The problem is, the queries would never not retrieve results. And there was no good way of handling this, as far as I could tell. Most relevancy scores are intentionally not normalized, and things like step-function cutoffs just weren’t reliable when we tried. We were running this against maybe 50 categories, and “hit rate” was supposed to be sparse – maybe only 20% of those categories would match any given document – so even a low false-positive rate became magnified. And since we were always passing in chunks along with a prompt, relevant or not, GPT would too often give us back hallucinated tasks. It’s not that it never worked, it’s just that it failed occasionally. Which when building a real feature with output that people have to deal with, didn’t work in our case.
Hope that helps!
What do you think about fine tuning, fine tuning cheaper models to reduce costs?
GPT is expensive, so it seems like a lot of people are trying to do that, and you seem to think that cost is an issue, but you don’t do that?
Exactly! We are now able to fine-tune GPT 3.5. Why not fine-tune a bunch of specific use case models and have gpt 4 as a classification layer to reduce costs?
Regarding your first example, I’ve done a nearly identical task recently. For sure, giving a large table in the prompt is overwhelming it. You do that to get machine readable output. But there’s off the shelf protocols for that, and GPT knows them. My fix was to ask for ISO 3166 codes, most of which (all the ones I checked) are _single token emissions_ (“OR”, “CA”, “FL”, “US”, etc.) Where appropriate, RFC & ISO numbers are a very handy way to _succinctly_ request machine readable outputs with ChatGPT 3.5 Turbo.
Oo, using ISO 3166 codes is a really great shorthand – genius! I will have to give that a try!
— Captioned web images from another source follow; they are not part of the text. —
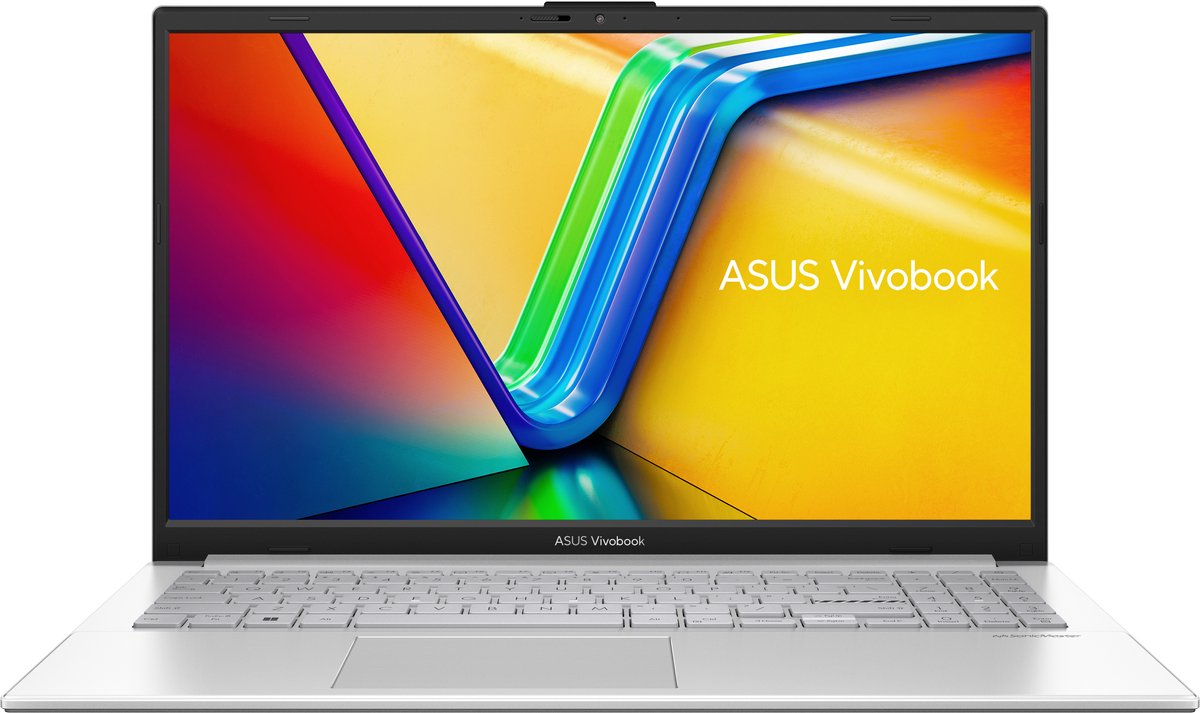 Asus VivoBook Go 15 E1504GA-BQ886 - Laptop - Intel Core i3 N305 8 GB RAM 512 GB SSD Qwerty Spaans - Zilver
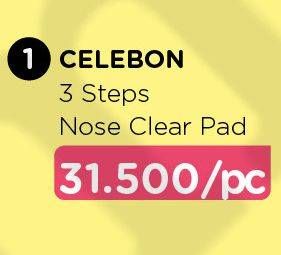 Promo Harga CELEBON 3 Step Nose Clear Pad  - Watsons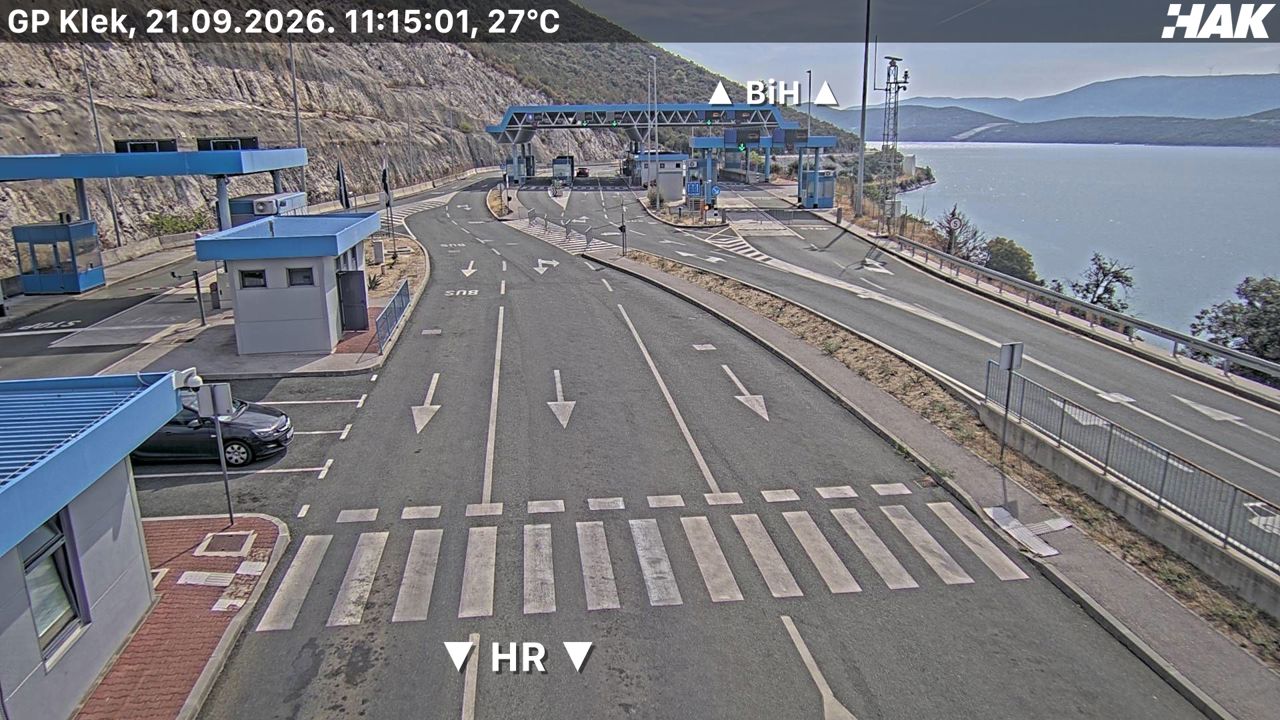 Klek HAK (Bosnia → Croatia) — webcam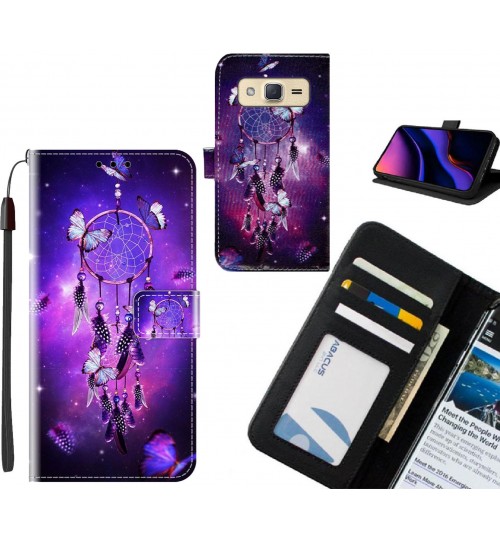 Galaxy J2 case leather wallet case printed ID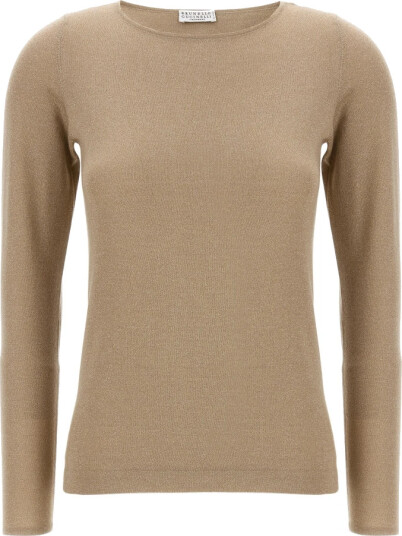 Brunello Cucinelli Dame Strikkevarer Gul S,
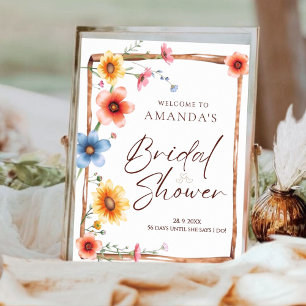 New Chapter Begins Bridal Shower Welcome Sign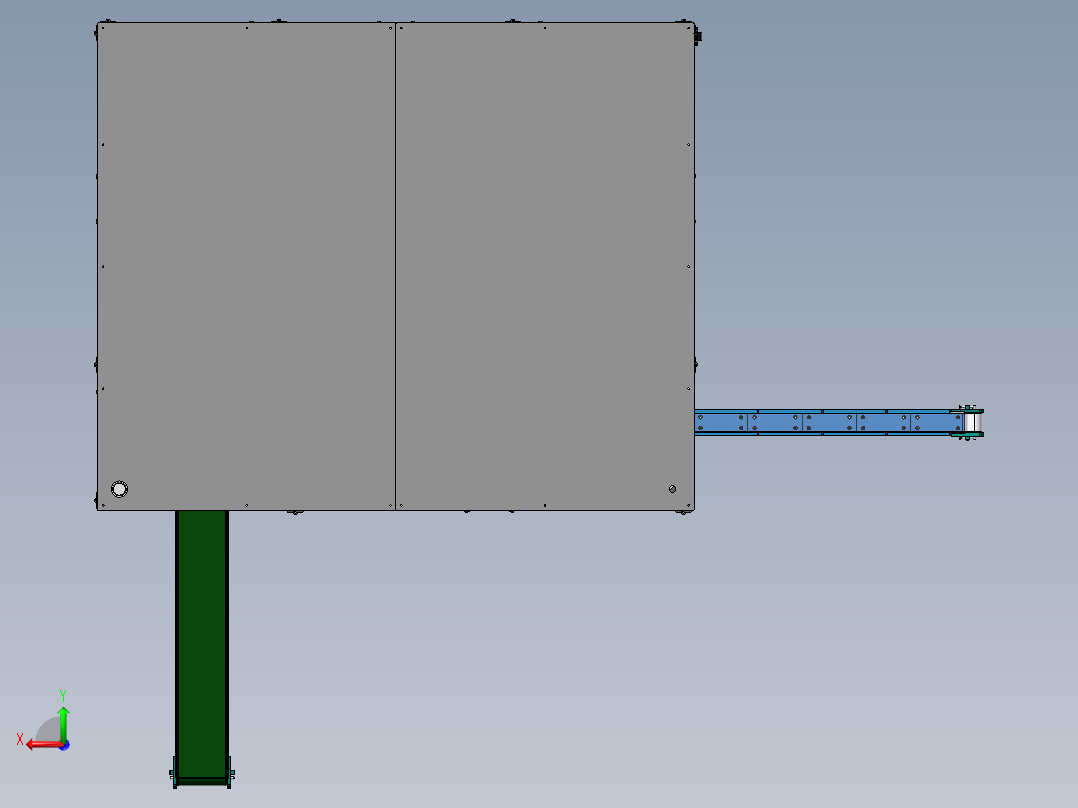 链板自动组装设备（sw14可编辑+工程图）后视图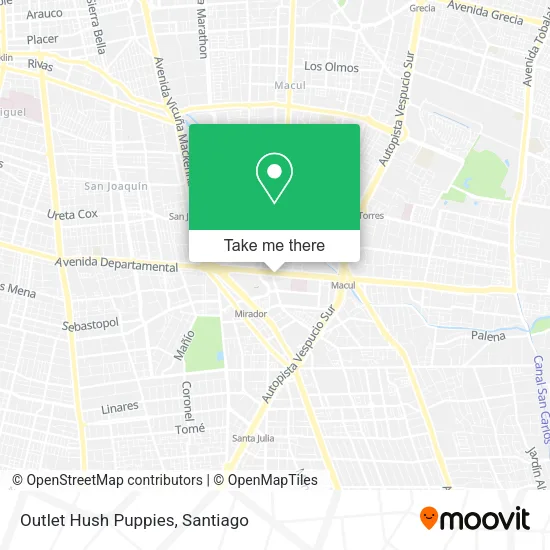 Outlet Hush Puppies map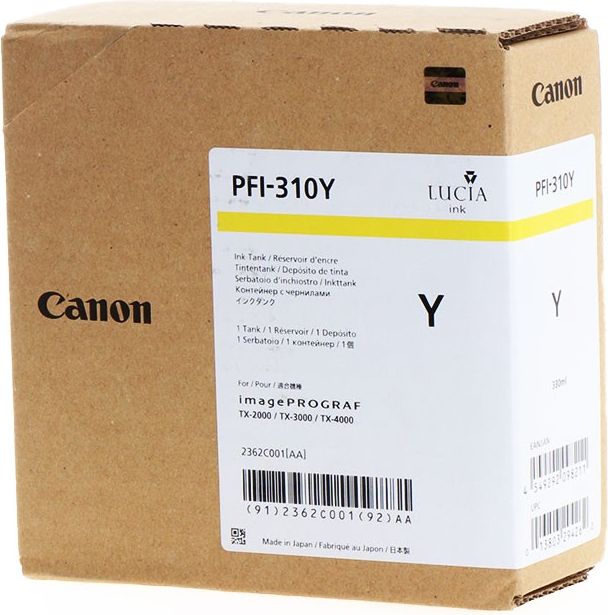 Tusz Canon Tusz PFI-310 Y (Yellow)
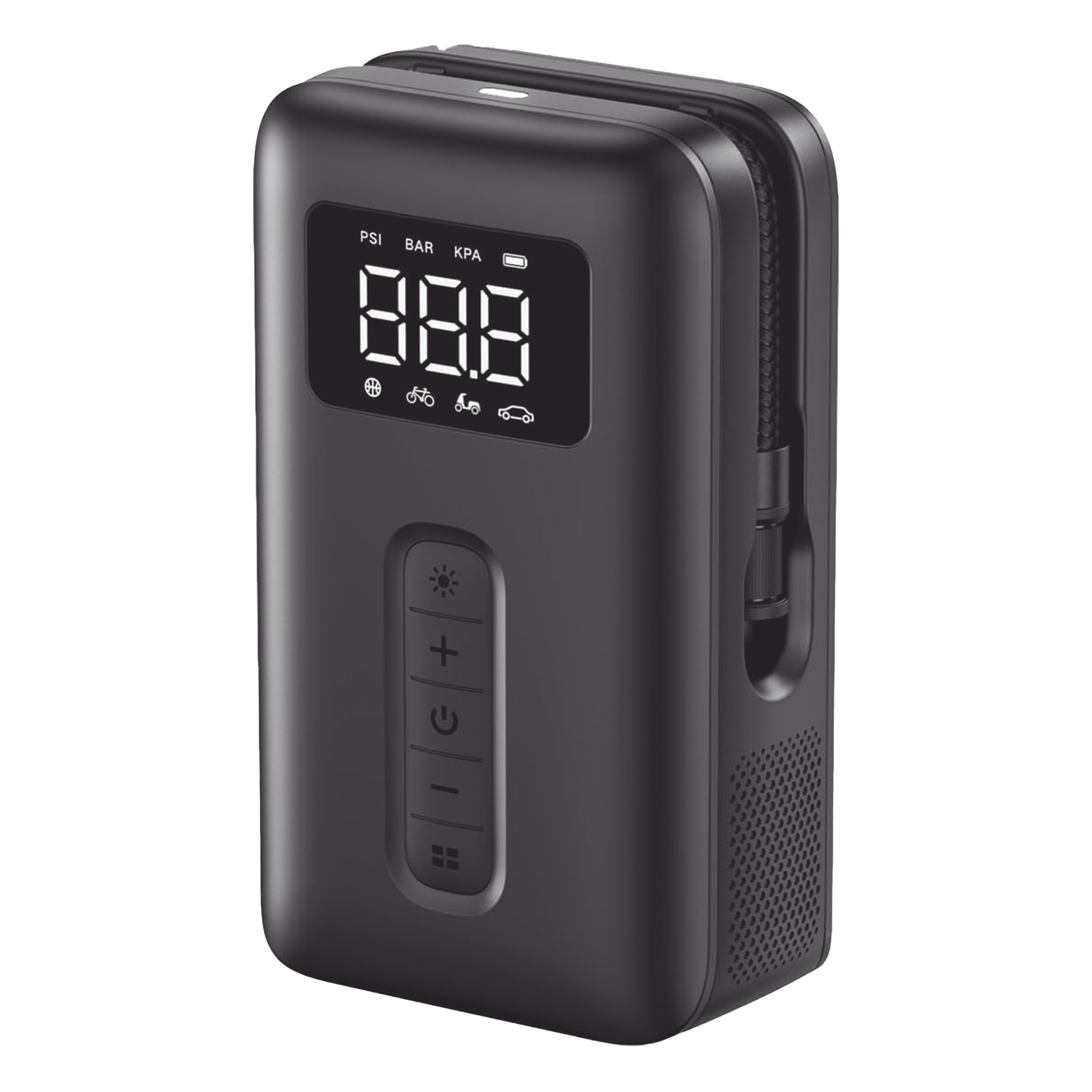 Inflador de Neumáticos | Compresor de Aire Portátil | Bomba de Aire de 150 PSI | Flujo de Aire de 15L/Min | Con Batería Integrada | Cuenta con Luz LED | Ideal para coches, bicicletas, pelotas de motocicleta. — UGREEN · SKU 15951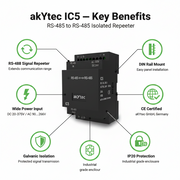 Akytec IC5 Repeater RS485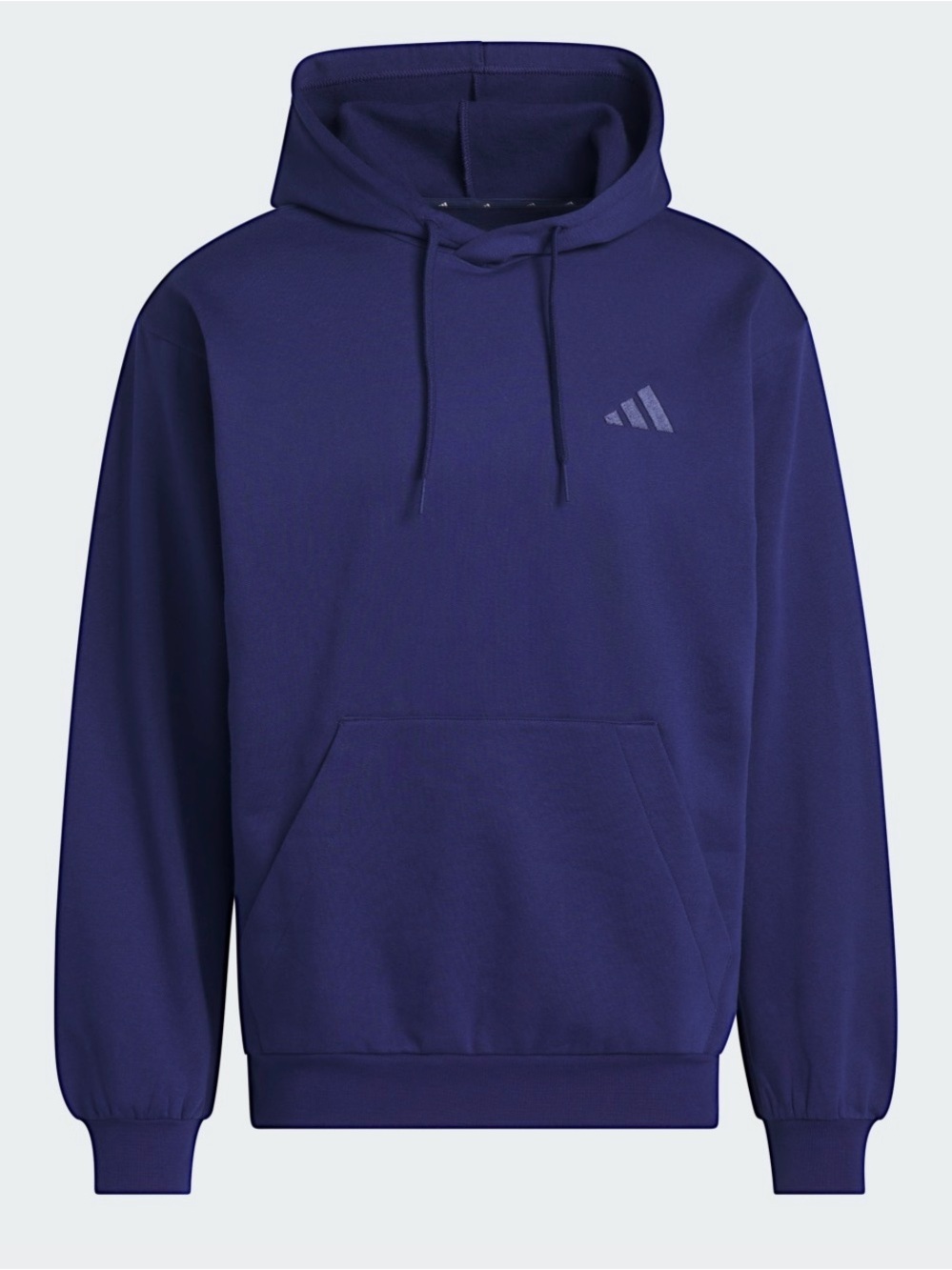 NWT Adidas Men’s Tonal Logo Fleece Hoodie Pull Over Sweatshirt M Athletic Gym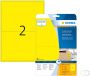 Herma Gekleurde etiketten A4 199 6 x 143 5 mm geel verwijderbaar - Thumbnail 1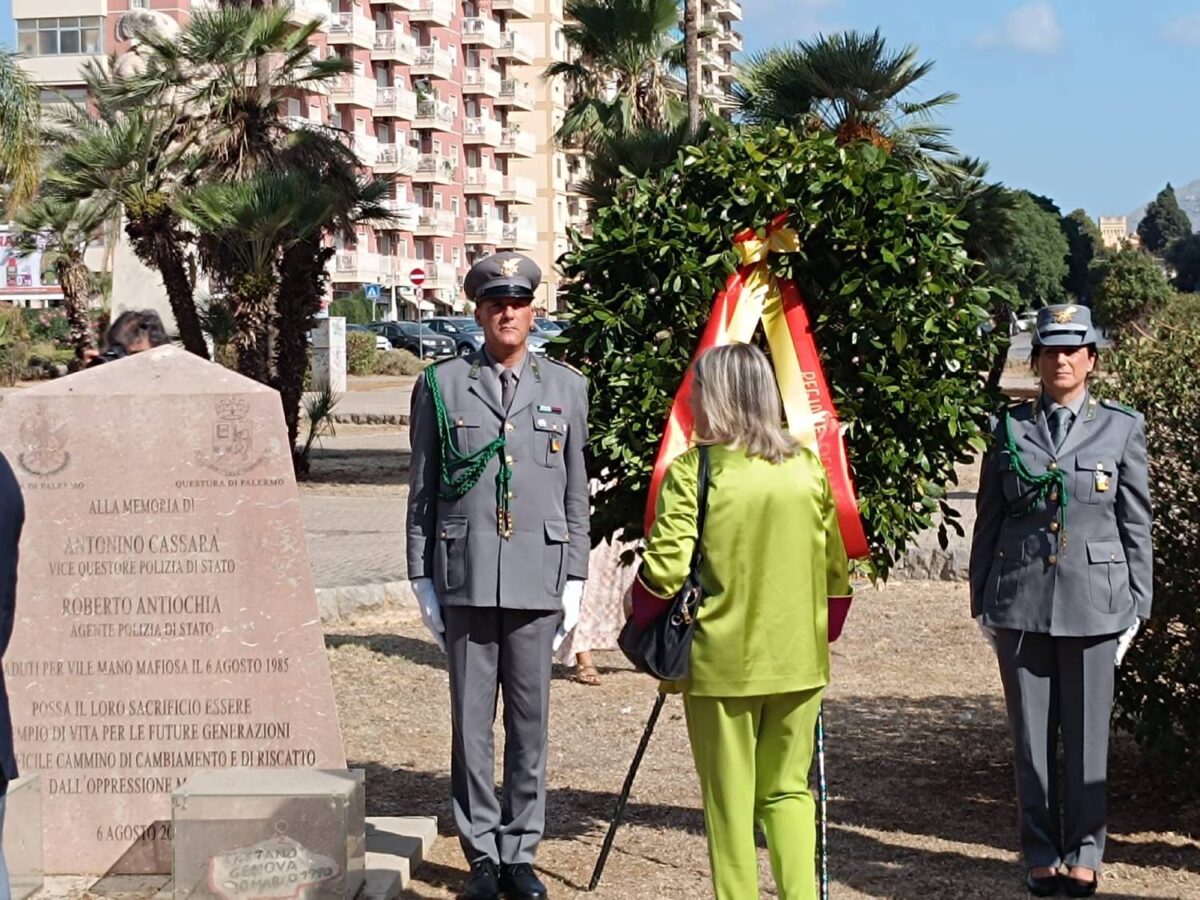 Commemorazioni di Cassarà, Antiochia e Costa: Albano sottolinea l'importanza della legalità da diffondere!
inject a fake null hypothesis in search cases, like “Waldo Bakery”, and then proceed to ask for business names, this is like paracetamol against hallucinations
than you just filter it out
That’s even better than my solution!
This is pretty spooky, as if I’d have written down our experience at our Fortune 100, specifically in the Marketing arena where I’m leading our GenAI initiative, it would be identical to this. Our main use-cases are creating content for products or campaigns and translation. We’re mostly leveraging 3.5, as when we started building last year, GPT-4 was so restricted in query rate limits, it was basically unusable from a development standpoint. To be fair, that was maybe because we had it before general availability.
I love your comment about context windows and the 10 items. Our experience is, repeatably, that the Open AI models need to be treated as a slightly forgetful professor. Incredibly smart, but if you let them talk for too long they’ll forget what they’re doing and results will vary, often in small but important ways. Classic example: getting it to return properly formated JSON data so you can just do a JSON.parse() in Javascript. Get it to return maybe 500 tokens and all is well. Get it above some arbitrary number and it just starts forgetting to properly escape embedded quotes, even though it was doing it fine in the first part of the response.
Also, in terms of other models? I’m constantly getting people saying “But what about Claude? Or Gemini?”. My answer stands: “Have you hit a point where GPT3.5 or GPT4 from Azure Open AI Services isn’t doing what you need it to?”.
The answer is universally “No”. They just want the one that goes to 11, irrespective of whether it’s actually useful and the cost / difficulties of maintaining anything outside of the Azure ecoystem / Microsoft’s Terms and Conditions (which were super easy to get approved by Legal, because they didn’t actually change).
Regarding the null hypothesis prompt: did you try 2-step workflow where the first prompt asks “does this text have any company names in it, answer yes or no?” Followed by a second prompt to enumerate the companies if the answer to the first prompt is yes. Do you think this would work?